# Weird furniture question!



## Rvgirl42 (May 27, 2020)

Hi all, the stuff I worry about regarding relocation seems to hit me before I go to sleep, so I'm throwing this worry out to the experts in this forum. It's a weird worry but something I don't know!

I am hoping to retire in Spain. I have all the logistics/legal stuff sorted out. I speak reasonable Spanish but I'm not good enough for the complexities of buying and delivering furniture! 

So, for those of you who are not fluent in Spanish, how did you buy your basic furniture items, such as a bed, nightstand, dresser, couch, table, etc.? (I am moving from the United States and do not want to ship it overseas. I would rather get basic items over there.) 

Did you go into furniture stores? If so, what was the language experience for you? Did you work with other expats or find shops where someone spoke English? 

I CAN go into a store and ask for a couch, etc., in Spanish, but if that is what I need to do, I would like to know from you folks first then prepare a script or something!! 

Thank you for putting my mind at ease! 

Ellen


----------



## NickZ (Jun 26, 2009)

Take advantage of the internet. Open Ikea USA in one window on your computer. Open Ikea Spain in a second one. Compare the terms. The website layout and many of the products are the same. That means you can use it like a rosetta stone.

I'm not suggesting buying from them but you of course can.


----------



## davexf (Jan 26, 2009)

Hola, 

You don't say where you are moving to; English is spoken a lot more than when I moved to Spain in 2003. However, the Spanish are a really helpful race and are delighted when you speak their language, however badly. 

It wasn't difficult to learn the basics of bed, sofa, lights etc. Just take one at a time, take a deep breath and jump in the deep end - you will be surprised just how well it goes 

Davexf


----------



## ccm47 (Oct 15, 2013)

Many properties, especially those which have been second homes, come fully furnished. This at least allows you to move in, then decide what you really want. If you are replacing an item (especially something electrical) you warn the company in advance and they take the old one away.

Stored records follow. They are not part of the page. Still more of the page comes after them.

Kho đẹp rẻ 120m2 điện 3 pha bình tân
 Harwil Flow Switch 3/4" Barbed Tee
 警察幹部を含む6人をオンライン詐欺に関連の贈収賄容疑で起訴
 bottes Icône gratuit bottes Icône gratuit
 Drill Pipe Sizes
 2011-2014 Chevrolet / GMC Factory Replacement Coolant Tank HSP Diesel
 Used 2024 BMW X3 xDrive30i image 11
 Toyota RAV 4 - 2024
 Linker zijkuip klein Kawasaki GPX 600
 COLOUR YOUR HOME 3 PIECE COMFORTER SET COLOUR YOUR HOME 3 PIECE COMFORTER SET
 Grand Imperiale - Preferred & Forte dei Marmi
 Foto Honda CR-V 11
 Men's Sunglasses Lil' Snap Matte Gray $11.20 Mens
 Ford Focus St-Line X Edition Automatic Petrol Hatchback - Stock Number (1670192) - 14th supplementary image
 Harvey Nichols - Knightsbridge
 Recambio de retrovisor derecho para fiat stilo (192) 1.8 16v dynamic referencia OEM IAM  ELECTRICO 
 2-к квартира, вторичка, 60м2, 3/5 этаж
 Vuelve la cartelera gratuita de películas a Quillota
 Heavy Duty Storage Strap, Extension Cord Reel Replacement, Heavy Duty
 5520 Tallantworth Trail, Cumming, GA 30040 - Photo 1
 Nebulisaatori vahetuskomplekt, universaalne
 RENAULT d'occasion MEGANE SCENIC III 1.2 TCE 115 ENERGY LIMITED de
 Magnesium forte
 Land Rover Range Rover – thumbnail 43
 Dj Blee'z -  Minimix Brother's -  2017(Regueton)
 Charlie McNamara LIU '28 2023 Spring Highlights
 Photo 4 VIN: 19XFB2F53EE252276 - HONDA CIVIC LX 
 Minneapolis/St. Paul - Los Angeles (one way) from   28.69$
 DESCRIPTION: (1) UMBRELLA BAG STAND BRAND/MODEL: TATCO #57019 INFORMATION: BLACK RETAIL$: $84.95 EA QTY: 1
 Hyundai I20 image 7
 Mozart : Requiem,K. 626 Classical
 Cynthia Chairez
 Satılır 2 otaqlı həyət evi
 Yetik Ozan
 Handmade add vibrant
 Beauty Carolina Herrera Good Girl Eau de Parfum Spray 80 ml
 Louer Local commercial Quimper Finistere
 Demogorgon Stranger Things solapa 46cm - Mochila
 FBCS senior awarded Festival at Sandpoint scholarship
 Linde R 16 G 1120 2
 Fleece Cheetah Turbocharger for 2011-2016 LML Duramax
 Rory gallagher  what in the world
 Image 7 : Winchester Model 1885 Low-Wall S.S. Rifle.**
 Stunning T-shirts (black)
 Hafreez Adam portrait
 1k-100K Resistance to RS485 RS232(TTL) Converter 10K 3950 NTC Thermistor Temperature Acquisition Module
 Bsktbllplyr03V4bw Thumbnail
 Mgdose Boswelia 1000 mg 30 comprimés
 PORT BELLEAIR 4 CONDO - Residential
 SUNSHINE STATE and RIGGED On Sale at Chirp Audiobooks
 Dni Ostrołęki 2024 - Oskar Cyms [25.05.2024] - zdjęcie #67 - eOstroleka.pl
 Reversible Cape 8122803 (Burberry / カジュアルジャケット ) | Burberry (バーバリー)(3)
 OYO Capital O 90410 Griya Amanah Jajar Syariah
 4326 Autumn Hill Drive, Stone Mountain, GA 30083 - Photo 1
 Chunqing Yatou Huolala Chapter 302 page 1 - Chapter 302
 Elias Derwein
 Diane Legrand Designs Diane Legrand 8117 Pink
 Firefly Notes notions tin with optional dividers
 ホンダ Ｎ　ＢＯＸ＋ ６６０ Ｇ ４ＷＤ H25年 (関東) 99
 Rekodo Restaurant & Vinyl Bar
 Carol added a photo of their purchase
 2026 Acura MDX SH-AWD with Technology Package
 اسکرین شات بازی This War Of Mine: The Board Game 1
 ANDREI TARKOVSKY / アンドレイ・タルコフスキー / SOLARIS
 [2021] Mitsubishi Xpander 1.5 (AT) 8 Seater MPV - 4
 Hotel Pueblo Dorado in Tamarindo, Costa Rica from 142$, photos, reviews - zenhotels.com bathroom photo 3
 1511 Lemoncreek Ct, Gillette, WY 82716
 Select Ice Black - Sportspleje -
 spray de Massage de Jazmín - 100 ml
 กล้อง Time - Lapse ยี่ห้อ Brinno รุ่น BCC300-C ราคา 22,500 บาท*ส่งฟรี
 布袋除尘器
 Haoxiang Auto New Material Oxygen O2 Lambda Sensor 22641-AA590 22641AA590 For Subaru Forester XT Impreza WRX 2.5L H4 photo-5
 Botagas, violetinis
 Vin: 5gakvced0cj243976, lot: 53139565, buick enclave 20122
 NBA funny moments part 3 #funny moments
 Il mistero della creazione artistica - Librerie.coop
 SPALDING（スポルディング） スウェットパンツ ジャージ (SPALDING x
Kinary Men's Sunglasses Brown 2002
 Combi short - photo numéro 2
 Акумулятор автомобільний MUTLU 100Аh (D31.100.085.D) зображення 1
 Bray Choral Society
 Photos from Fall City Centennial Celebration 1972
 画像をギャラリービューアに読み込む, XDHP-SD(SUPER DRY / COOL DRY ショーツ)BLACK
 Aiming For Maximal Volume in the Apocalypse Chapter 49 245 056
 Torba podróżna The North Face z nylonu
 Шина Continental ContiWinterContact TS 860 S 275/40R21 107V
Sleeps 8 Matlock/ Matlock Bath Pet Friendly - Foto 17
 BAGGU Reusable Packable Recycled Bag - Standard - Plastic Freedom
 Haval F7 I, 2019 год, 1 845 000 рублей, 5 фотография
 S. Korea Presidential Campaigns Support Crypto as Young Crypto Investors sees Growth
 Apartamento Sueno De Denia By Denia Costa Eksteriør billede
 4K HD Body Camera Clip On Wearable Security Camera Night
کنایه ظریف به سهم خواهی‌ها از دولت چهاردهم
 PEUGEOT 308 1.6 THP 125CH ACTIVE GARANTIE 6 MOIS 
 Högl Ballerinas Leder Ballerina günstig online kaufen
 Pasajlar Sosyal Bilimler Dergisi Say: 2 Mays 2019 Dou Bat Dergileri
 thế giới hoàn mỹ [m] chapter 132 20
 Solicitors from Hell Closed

Good items go to a second home too.
In some shops you can also order a complete house pack for X OOO euros which they then deliver and install or make up. This takes away the worry of buying lots of separate items but also some of the fun imo.


----------



## anh12 (Apr 17, 2019)

Hi Rvgirl42,

I agree with the previous posts about Spaniards speaking English much more these days, and being really helpful. I wouldn't worry about language issues when it's time to buy furniture. You'll be fine.

I did, however, want to share something that has been an issue for me when buying furniture. Often when you choose a good bed or sofa in a store, you have to order it and it will then be made for you. This could take anywhere from three to ten weeks. They're very upfront, even proud, about it, and you can often find the timing on the company's website. I was caught by surprise by this, thinking that the stores would have warehouses with the furniture ready to go, like Ikea. That's not the case. So I ended up with some cheap roll-up mattresses for the floor once I got tired of the air mattress. 

I was able to pick up some used / antique furniture, which can be delivered fairly quickly if you're lucky enough to find something you like. Another thing I learned is that Facebook is the place to look for local buy/sell and advice groups, as well as local businesses that often don't have websites.


----------



## Rvgirl42 (May 27, 2020)

anh12 said:


> Hi Rvgirl42,
> 
> I agree with the previous posts about Spaniards speaking English much more these days, and being really helpful. I wouldn't worry about language issues when it's time to buy furniture. You'll be fine.
> 
> ...


This is so helpful! Thank you so much!! Are the things they make for you preorder good quality?


----------



## Rvgirl42 (May 27, 2020)

ccm47 said:


> Many properties, especially those which have been second homes, come fully furnished. This at least allows you to move in, then decide what you really want. If you are replacing an item (especially something electrical) you warn the company in advance and they take the old one away. Good items go to a second home too.
> In some shops you can also order a complete house pack for X OOO euros which they then deliver and install or make up. This takes away the worry of buying lots of separate items but also some of the fun imo.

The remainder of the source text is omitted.